[Study material — start]

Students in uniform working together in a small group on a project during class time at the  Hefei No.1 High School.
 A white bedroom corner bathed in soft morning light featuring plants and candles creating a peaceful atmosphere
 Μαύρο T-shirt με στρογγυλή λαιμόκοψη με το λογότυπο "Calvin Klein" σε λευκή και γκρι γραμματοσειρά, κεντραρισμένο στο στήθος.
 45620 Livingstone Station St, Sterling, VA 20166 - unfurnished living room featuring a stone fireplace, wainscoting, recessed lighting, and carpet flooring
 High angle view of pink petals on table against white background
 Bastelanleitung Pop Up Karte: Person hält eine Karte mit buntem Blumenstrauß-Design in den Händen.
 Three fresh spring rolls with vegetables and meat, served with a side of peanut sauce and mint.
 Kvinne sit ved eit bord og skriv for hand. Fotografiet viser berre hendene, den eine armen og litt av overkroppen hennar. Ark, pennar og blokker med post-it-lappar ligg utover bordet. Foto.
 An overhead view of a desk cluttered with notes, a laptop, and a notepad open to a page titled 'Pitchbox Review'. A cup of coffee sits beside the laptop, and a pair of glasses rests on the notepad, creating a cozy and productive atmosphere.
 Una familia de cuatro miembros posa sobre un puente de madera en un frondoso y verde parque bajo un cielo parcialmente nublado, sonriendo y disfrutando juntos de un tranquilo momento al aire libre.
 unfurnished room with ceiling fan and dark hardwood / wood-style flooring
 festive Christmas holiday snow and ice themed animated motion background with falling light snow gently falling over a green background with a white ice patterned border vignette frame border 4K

[Study material — finish]

Extract exactly the leading lines of the data, stopping at and including the line with "High angle view".

Students in uniform working together in a small group on a project during class time at the  Hefei No.1 High School.
 A white bedroom corner bathed in soft morning light featuring plants and candles creating a peaceful atmosphere
 Μαύρο T-shirt με στρογγυλή λαιμόκοψη με το λογότυπο "Calvin Klein" σε λευκή και γκρι γραμματοσειρά, κεντραρισμένο στο στήθος.
 45620 Livingstone Station St, Sterling, VA 20166 - unfurnished living room featuring a stone fireplace, wainscoting, recessed lighting, and carpet flooring
 High angle view of pink petals on table against white background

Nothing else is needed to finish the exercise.